Julie @ HostessAtHeart says
I love love love Creme Brulee, and CI is my cooking bible! I will definitely make these.
Anna says
Hi TxPepper!
I didn't have any issues with beadlets because I only re-chilled the cups for about 30 minutes after torching. If you like a warm top, go ahead and just torch it and serve it. As for grams, this didn't seem like a recipe where that was necessary since most of it is liquid. You'll be fine just eyeballing the 1/3 teaspoon measurements. If I can remember I will weigh the egg yolks just for fun. The sugar and be figured out just by multiply the weight of a teaspoon of sugar by by, so you know that it's about 20 grams.
TxPepper says
Anna,
While you are making round 2, and if you have time, would you weigh the items and post the weights in grams.
I'm all about measuring by weight these days and find grams so much easier and accurate to deal with.
Question: Doesn't refrigerating after torching cause the sugar to sweat, form little beadlets on top, or even melt to some degree. I was always taught to chill, torch, serve.

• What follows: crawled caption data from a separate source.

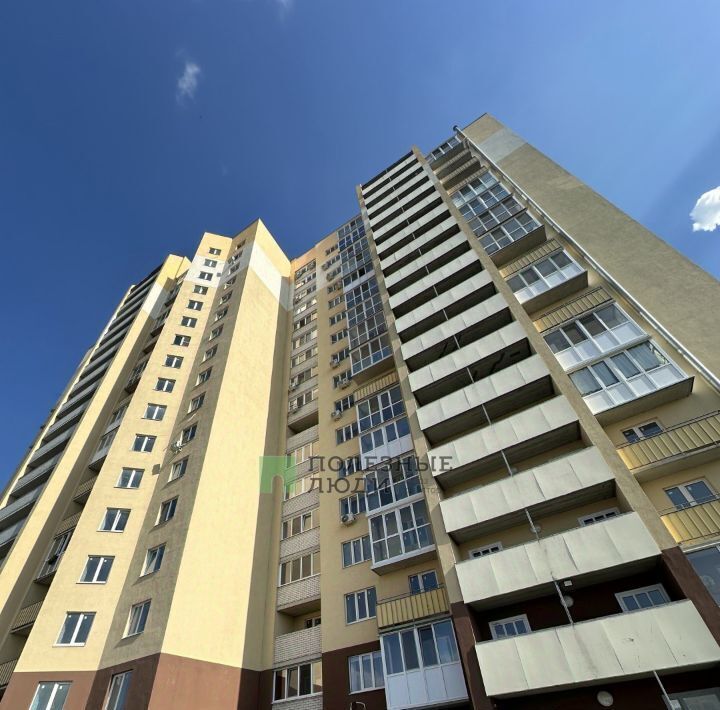квартира г Саратов р-н Ленинский ул Гвардейская 47/53 фото 30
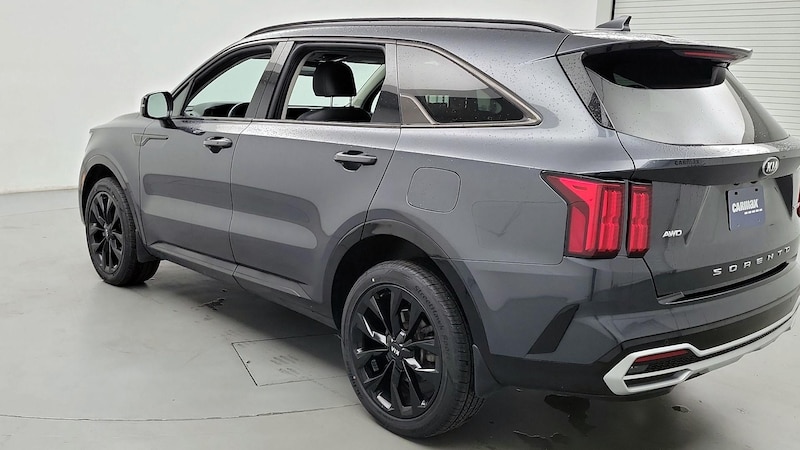 2021 Kia Sorento SX 7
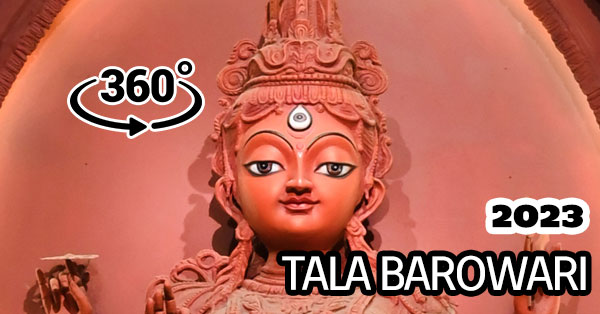 Tala Barowari Durga Puja 2023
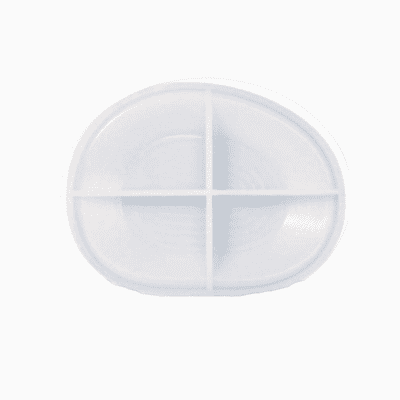 bean dish mould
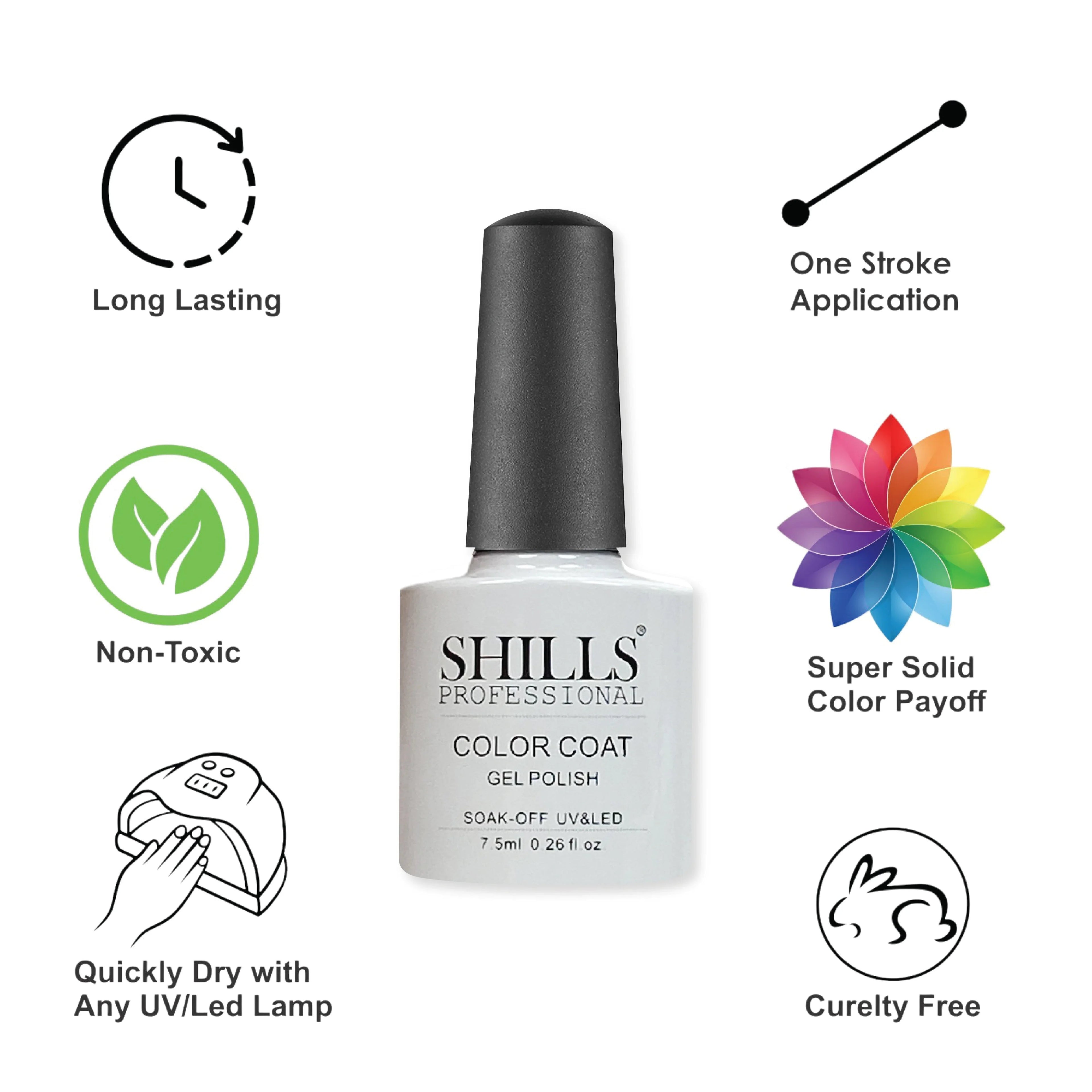 Gel Polish 7.5ml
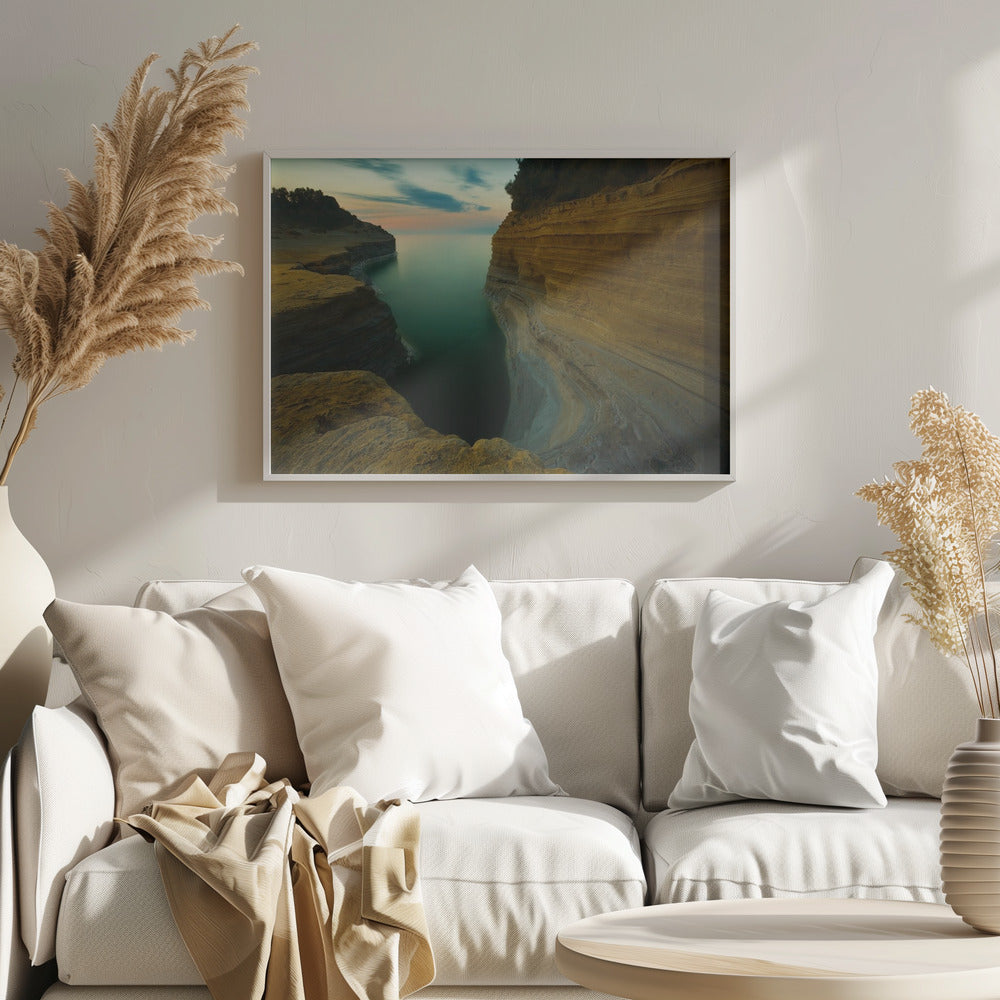 Canal D'Amour.... Poster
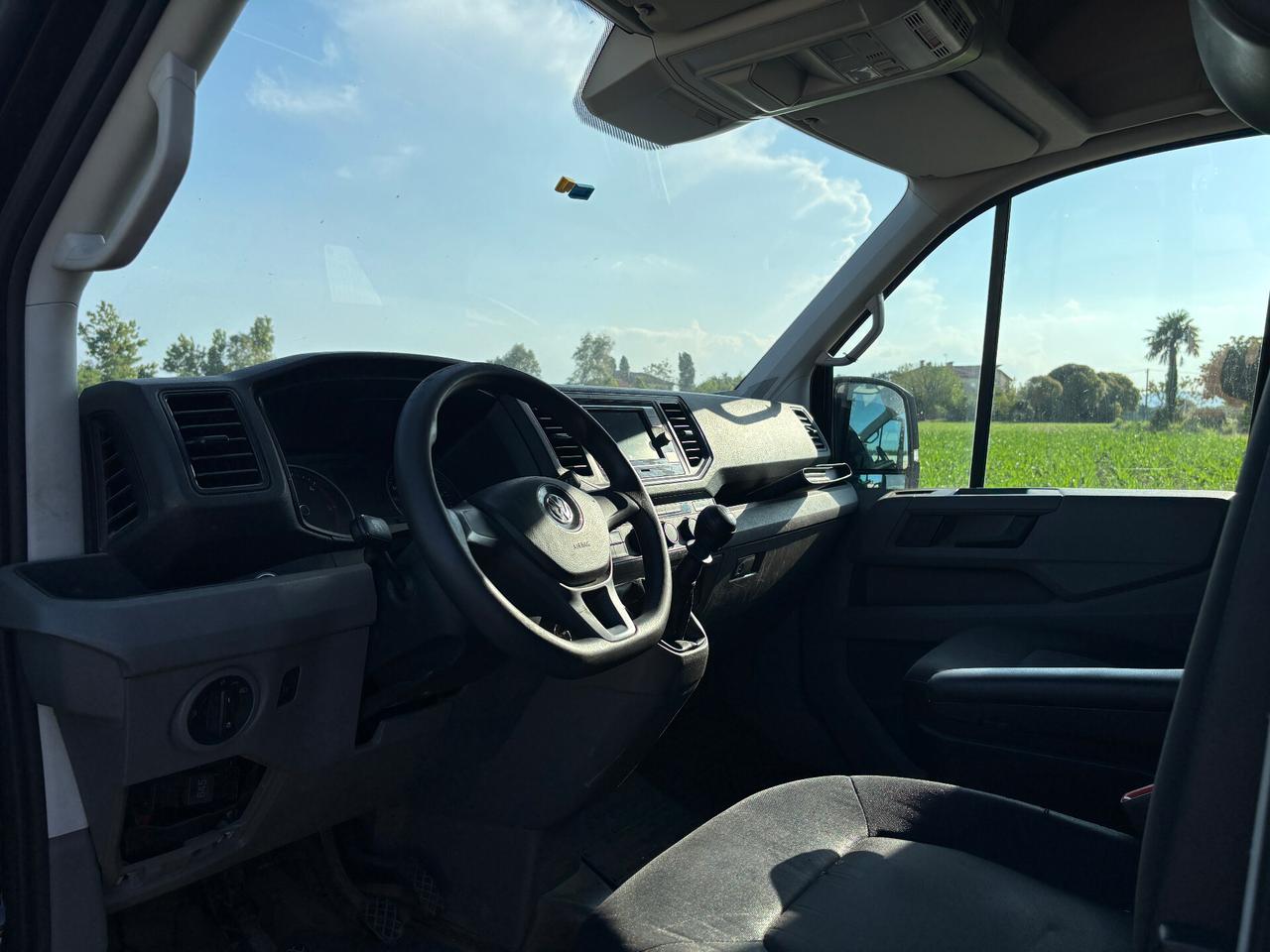 Volkswagen Crafter 30 2.0 TDI 177CV PM-TM MOTORE ROTTO
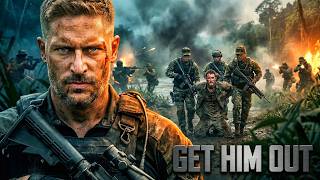 His Team Was Hunted In Colombia  He Fought Back For The Hostage  Action Movie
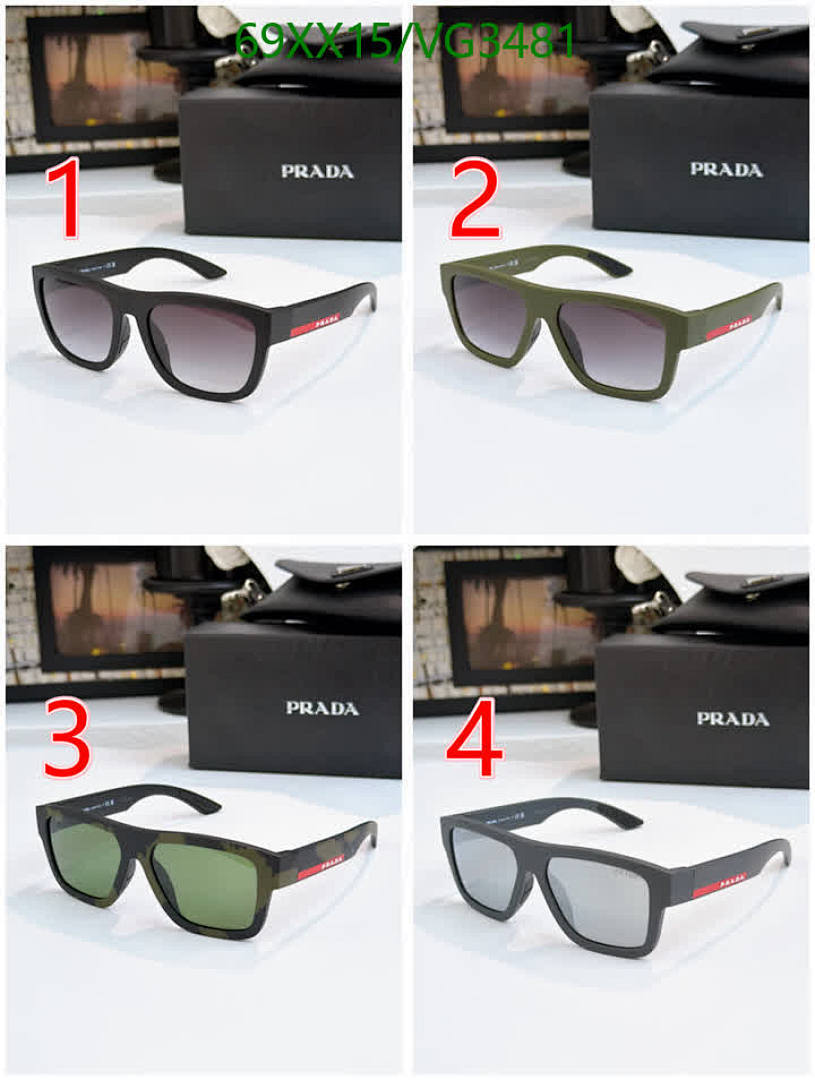 Prada-Glasses Code: VG3481 $: 69USD-Yupoo.ru - Copybrand.Team photo album Prada-Glasses Code: VG3481 $: 69USD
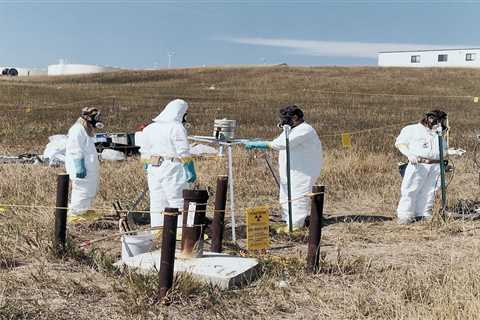 Fear of a Marshall Fire at Rocky Flats is real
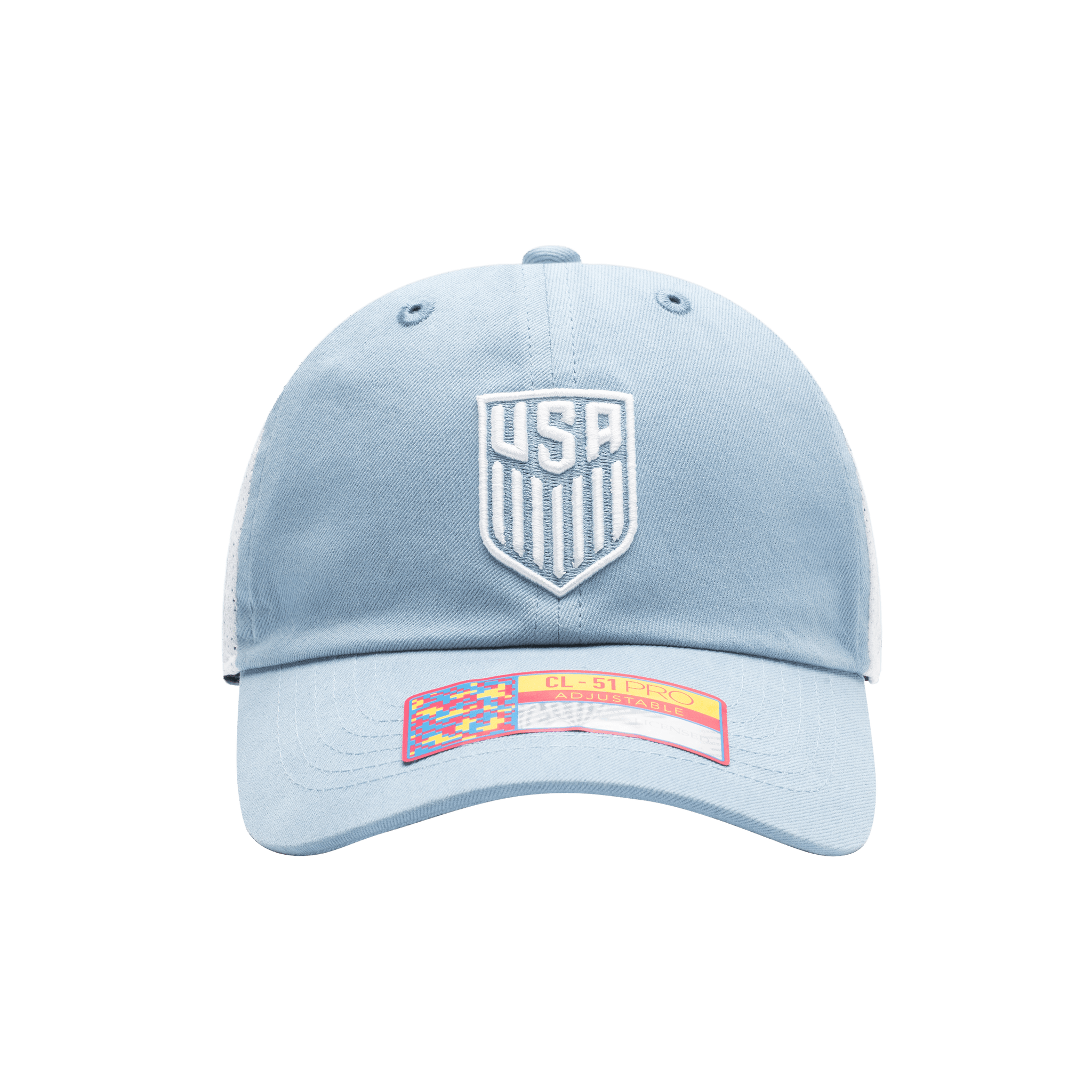 US Soccer Ace 2.0 Classic Hat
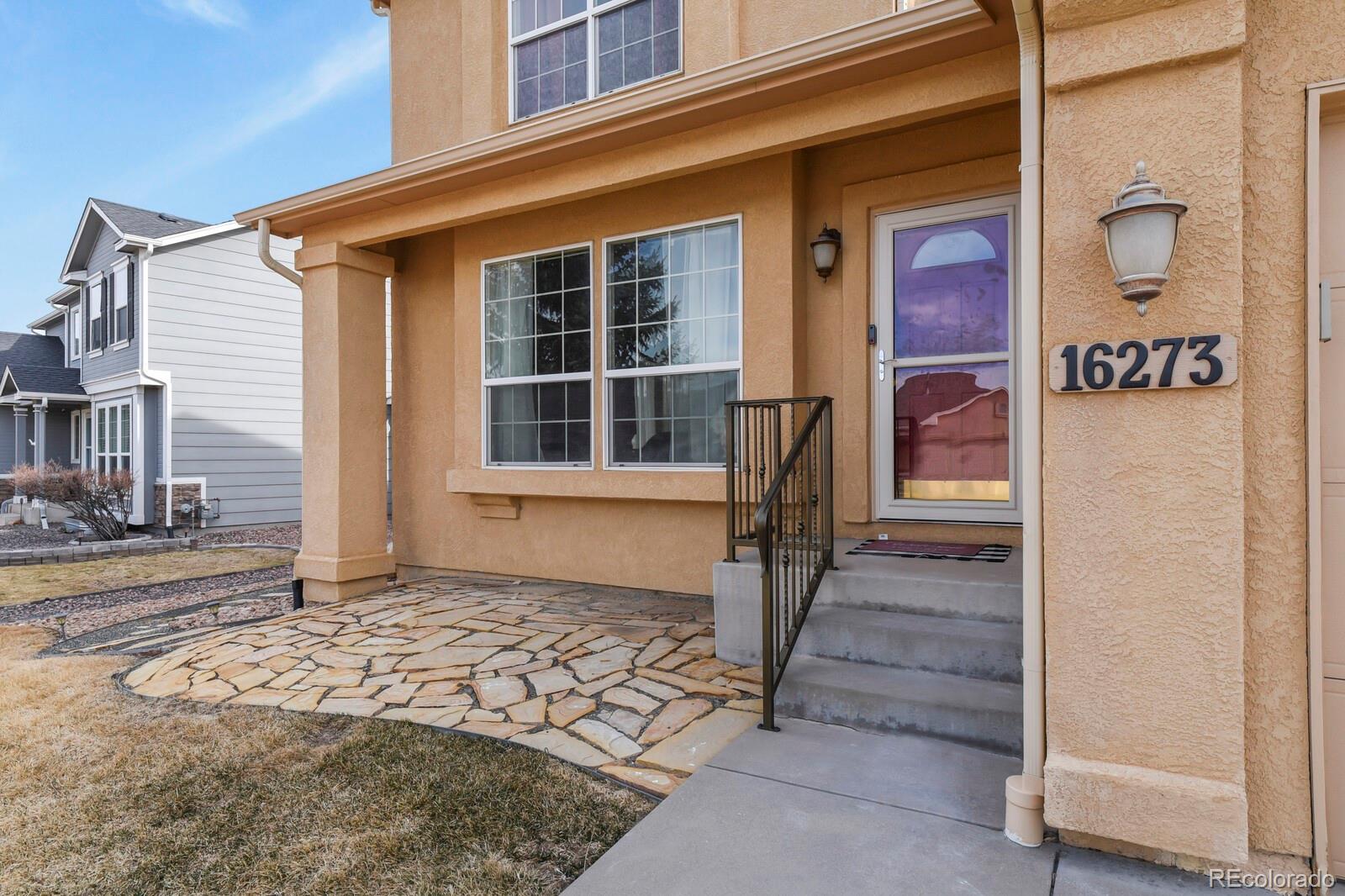 16273  Windsor Creek Drive, monument&nbsp; House Search MLS Picture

You are fabulous as always!
Anna says
Sue, I can't wait to hear what you think! And thanks for validating me on the cream. I thought all cream was the same until I found myself at Whole Foods where the only brand of cream was organic. It tasted so much better. Anyhow, let me know what you think of the Crème Brulee. I'm going to make it again tomorrow.
Sue says
I bought a torch with the idea that I would make this very recipe for my husband who loves Creme Brûlée. I don't really care for it and therefore haven't ever gotten around to it. With this scaled down version I don't really have an excuse do I?
For what it's worth, I agree with you on the cream.